-- Opening Marker --

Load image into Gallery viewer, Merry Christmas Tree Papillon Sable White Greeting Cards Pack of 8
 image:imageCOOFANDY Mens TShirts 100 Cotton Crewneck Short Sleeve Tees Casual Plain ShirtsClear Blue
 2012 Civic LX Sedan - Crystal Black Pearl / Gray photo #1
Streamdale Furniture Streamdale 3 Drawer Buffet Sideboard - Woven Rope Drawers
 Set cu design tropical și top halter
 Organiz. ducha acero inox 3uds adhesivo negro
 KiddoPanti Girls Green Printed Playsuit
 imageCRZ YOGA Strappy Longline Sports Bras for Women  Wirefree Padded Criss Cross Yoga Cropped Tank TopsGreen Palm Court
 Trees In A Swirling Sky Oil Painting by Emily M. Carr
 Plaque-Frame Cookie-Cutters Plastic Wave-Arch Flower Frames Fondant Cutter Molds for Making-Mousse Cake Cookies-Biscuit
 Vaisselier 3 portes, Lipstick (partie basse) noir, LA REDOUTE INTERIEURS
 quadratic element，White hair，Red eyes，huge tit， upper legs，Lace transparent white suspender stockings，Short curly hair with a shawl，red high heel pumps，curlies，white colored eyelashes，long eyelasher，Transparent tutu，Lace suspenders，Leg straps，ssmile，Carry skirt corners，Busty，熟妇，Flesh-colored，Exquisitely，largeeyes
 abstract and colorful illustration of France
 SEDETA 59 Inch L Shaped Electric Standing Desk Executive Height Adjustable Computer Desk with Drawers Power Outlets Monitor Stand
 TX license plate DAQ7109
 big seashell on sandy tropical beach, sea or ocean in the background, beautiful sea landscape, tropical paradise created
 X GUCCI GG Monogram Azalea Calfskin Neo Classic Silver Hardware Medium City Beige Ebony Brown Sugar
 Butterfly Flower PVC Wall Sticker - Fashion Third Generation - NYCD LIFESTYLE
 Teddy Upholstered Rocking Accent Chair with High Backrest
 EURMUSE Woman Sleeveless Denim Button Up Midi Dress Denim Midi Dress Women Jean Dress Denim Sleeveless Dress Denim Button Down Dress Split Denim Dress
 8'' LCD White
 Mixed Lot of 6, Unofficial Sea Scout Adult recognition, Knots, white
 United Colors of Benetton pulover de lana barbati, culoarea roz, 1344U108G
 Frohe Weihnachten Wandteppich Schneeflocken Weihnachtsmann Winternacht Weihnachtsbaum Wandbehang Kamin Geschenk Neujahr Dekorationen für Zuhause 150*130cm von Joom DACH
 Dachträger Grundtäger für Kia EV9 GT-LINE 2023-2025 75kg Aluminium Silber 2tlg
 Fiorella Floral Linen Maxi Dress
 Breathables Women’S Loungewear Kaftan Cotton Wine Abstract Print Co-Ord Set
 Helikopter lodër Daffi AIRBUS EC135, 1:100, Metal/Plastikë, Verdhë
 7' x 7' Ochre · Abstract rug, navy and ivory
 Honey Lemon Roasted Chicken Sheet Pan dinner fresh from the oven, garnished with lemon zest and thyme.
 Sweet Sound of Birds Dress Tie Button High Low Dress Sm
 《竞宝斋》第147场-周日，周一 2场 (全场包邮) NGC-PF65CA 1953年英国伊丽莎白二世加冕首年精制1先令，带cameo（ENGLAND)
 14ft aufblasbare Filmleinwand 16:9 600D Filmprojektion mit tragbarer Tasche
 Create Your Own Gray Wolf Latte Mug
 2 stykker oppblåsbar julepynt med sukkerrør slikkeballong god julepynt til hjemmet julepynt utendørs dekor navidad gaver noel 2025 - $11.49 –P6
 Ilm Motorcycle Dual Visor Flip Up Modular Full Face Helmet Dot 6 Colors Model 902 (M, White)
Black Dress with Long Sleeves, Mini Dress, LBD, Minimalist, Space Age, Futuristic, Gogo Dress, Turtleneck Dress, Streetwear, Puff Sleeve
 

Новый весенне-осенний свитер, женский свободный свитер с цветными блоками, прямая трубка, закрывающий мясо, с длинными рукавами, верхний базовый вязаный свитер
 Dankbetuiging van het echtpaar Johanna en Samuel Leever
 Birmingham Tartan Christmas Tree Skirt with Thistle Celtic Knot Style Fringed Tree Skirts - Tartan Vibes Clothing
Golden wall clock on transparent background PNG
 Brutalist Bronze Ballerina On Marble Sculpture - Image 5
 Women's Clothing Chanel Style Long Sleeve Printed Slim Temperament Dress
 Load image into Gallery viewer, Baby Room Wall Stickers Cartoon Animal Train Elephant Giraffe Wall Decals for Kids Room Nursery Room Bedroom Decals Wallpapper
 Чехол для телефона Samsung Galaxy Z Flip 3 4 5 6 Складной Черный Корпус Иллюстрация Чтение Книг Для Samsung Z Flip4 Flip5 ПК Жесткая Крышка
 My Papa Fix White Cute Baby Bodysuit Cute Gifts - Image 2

-- Closing Marker --

== What the task requires ==
When you reach the line holding "2012 Civic LX" in the records above, begin reproducing exactly, stop after the line holding "KiddoPanti Girls Green Printed Playsuit", and output nothing else.

== Output for this exercise ==
 2012 Civic LX Sedan - Crystal Black Pearl / Gray photo #1
Streamdale Furniture Streamdale 3 Drawer Buffet Sideboard - Woven Rope Drawers
 Set cu design tropical și top halter
 Organiz. ducha acero inox 3uds adhesivo negro
 KiddoPanti Girls Green Printed Playsuit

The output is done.